Conference: CVPR 2026
Paper: CVF Open Access
Code: https://wikiahuang.github.io/floverse/ (Project Page)
Area: Embodied Navigation / Robotics
Keywords: Floor plan prior, Multi-modal navigation, Diffusion policy, Modality masking, Trajectory refinement

TL;DR¶

FloVerse utilizes the floor plan as a unified spatial prior and proposes a navigation task and dataset that merges three target modalities—PointNav, ObjectNav, and ImageNav—into a single model. Using a two-stage diffusion strategy called ThreeDiff (a planner with modality masking + a depth-SDF-based refiner), the method achieves higher success rates and path efficiency across all three modalities compared to mapless approaches or single-modality expert models.

Background & Motivation¶

Background: Embodied navigation has achieved significant progress in PointNav (coordinate-based), ObjectNav (object category-based), and ImageNav (target image-based) tasks. Prevailing approaches are either mapping-based (explicitly constructing maps) or mapless (directly mapping observations to actions).

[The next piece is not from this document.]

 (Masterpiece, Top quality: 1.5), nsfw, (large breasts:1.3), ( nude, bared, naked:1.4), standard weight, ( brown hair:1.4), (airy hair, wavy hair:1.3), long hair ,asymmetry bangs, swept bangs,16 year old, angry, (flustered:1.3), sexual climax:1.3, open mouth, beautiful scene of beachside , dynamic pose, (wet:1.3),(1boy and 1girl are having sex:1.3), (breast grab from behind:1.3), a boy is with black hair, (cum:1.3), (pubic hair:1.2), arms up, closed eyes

Limitations of Prior Work: Mapping-based methods incur high overhead by continuously building and maintaining maps. Mapless methods lack global guidance when the target is not yet in view, relying instead on exploration, which often leads to short-sighted behavior and inefficient detours. Both categories struggle with efficiency in "unseen" environments.

Key Challenge: When an agent enters an unfamiliar indoor environment, it lacks a global understanding of the spatial layout and must rely on incremental local observations. However, a floor plan is a "cheap, readily available, and temporally stable" global spatial prior—it encodes wall geometry and implies semantic regularities such as room functions and typical object distributions. Existing floor plan-guided navigation works are almost exclusively limited to PointNav and validated on small-scale scenes; no systematic study has examined their effectiveness for ObjectNav or ImageNav.

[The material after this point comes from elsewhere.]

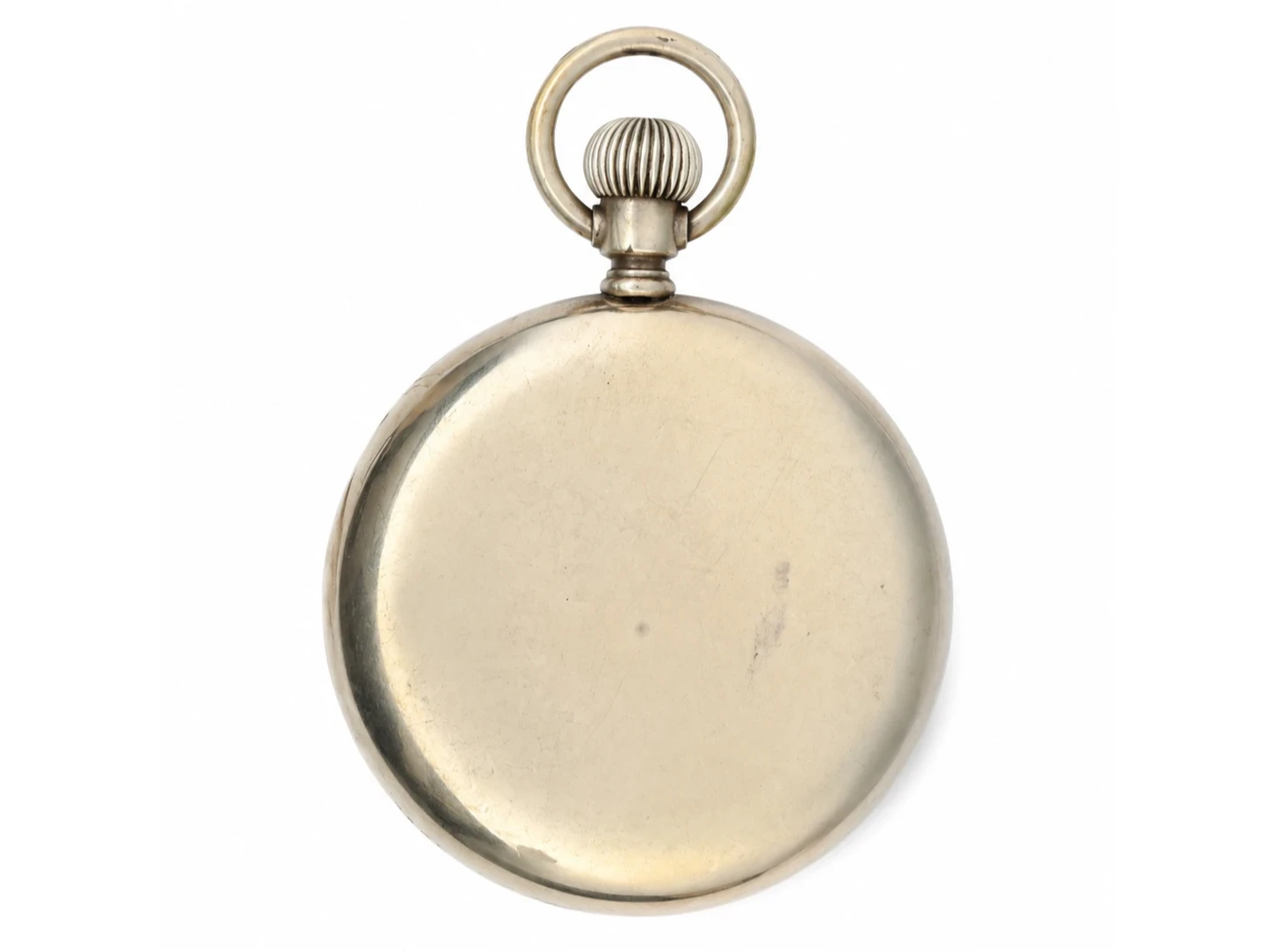 Polished silver case back with ornamental round bail and vertical ribbed crown.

Goal: This work addresses three sub-problems: (1) Creating a large-scale task and dataset that unifies three target modalities with floor plans for every scene; (2) Designing a single model capable of processing all three modalities while effectively utilizing floor plan priors; (3) Empirically verifying whether floor plan priors can enhance navigation across different modalities.

Key Insight: The authors hypothesize that the geometric structures (from which PointNav directly benefits) and semantic regularities (room connectivity and layout beneficial for ObjectNav/ImageNav) in floor plans can be implicitly learned by a shared encoder. Furthermore, complementarity exists between modalities—geometric spatial knowledge learned from PointNav can transfer to assist semantic target modalities.

Core Idea: Use the floor plan as a unified spatial prior + train with random modality masking to allow a diffusion policy to reason about coarse trajectories from targets in a "modality-agnostic" manner, followed by obstacle-avoidance refinement using depth geometry.

Method¶

Overall Architecture¶

ThreeDiff is a two-stage end-to-end trajectory generation framework. It takes the agent's first-person RGBD observation sequence, historical poses, a global 2D floor plan \(F\), and a target \(g\) of an arbitrary modality (point / object category / target image) as input, and outputs a sequence of continuous 2D waypoints for the subsequent steps. The first-stage Planner concatenates target, floor plan, and observation features to generate a coarse trajectory \(\hat{a}_t\) using a diffusion model, reflecting high-level spatial intent and long-term dependencies. The second-stage Refiner projects the current depth map into a local occupancy map, computes a Signed Distance Field (SDF), and uses it to fine-tune the coarse trajectory, producing a safe path \(\check{a}_t\) that avoids nearby obstacles. During training, target modalities are randomly masked to force the model to learn modality-independent target reasoning.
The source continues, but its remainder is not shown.